And this is, you know, it's much more straightforward than I think we were expecting, and I think that's been some of what's so jarring about it.
I think not all of it works, but it is another movie that really grew on me over the course of the festival.
There are people who like it much more than even I do.
I also heard from people who hate it.
Yeah.
Yeah.
But there's just things that don't work, but I think the core of it, which is basically a movie about how families sustain themselves past catastrophe, past tragedy,
past Apocalypse
is the best thing
about that movie. It also stars
Moses Ingram, who is
a surviving human who basically
makes their way to
the bunker and, you know,
changes the dynamic of this family.
Interesting.
Last few things, I saw a lot of raves
for Giacopola's The Last
Showgirl. I do not understand
what people see as a good movie
there.
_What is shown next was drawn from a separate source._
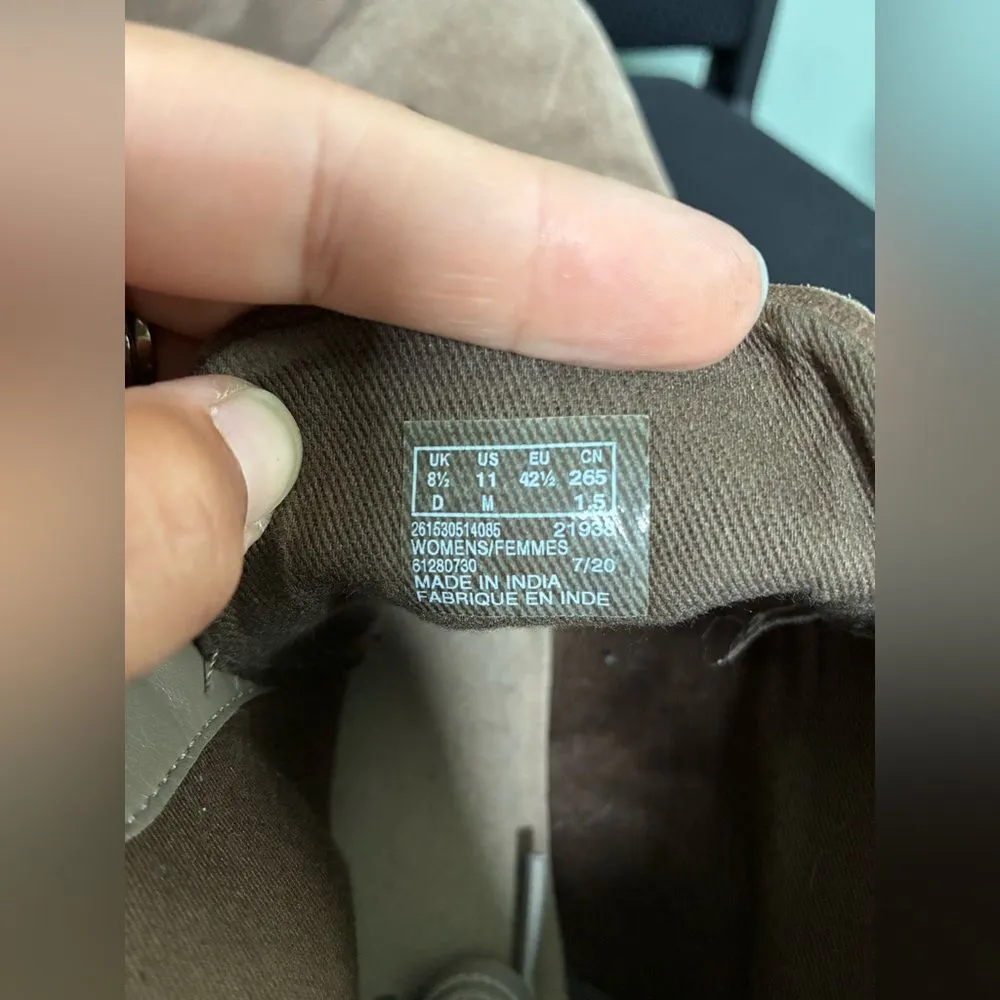 Clarks Women's Phenia Desert Boot in Khaki Suede Size 11 M - Image 7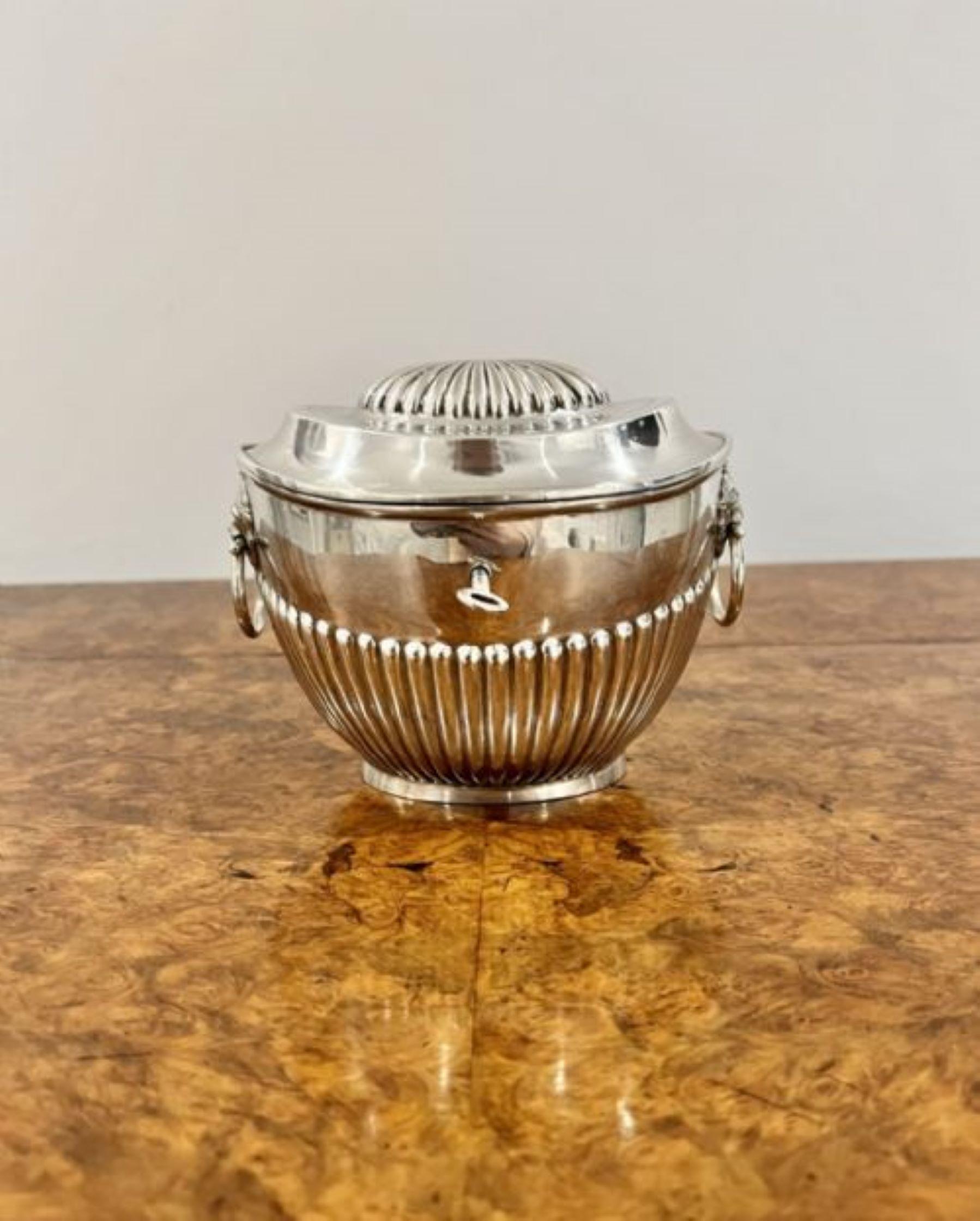Ancienne boîte à thé victorienne en métal argenté avec couvercle cannelé de qualité, poignées en anneau à tête de lion sur les deux côtés, décoration cannelée autour du corps avec clé d'origine et serrure en état de marche.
I thought it was basically
non-functioning in some stretching.
which is, though Pamela Anderson is funny and very good in this role, I thought the movie was pretty bad.
And then I'd also like to highlight the Canadian submission this year.
I saw a lot of international movies and contenders, like all we imagine is light and Giazanka's caught by the tides.
I saw a grand tour.
Loved all of those movies.
But I think the one that's kind of rising above for me is the Canadian submission.
universal language made by and starring Matthew Rankin.
It's this movie that reimagines a Canada where, rather than English and French,
Persian and French become the national languages.
And it's kind of this heightened surreality of all of these, you know, very melancholic characters
circling each other within a Canadian identity
Tim Horton's factors in as a like A plus visual joke in this movie.
It's incredibly funny.
I think if you like Wes Anderson movies,
like there's very easy access point into liking this movie,
though like Wes Anderson is an imperfect comparison.
Loved universal language, I hope people check it out.
Asyloscope has it and we'll get an official release in February, but I'll be rooting for it to get that international feature nomination.
This won the Best Canadian Discovery Award today at the award ceremony.
And I will be seeing it in a matter of weeks at the Buffalo Film Festival, which I discovered was playing this movie only very recently.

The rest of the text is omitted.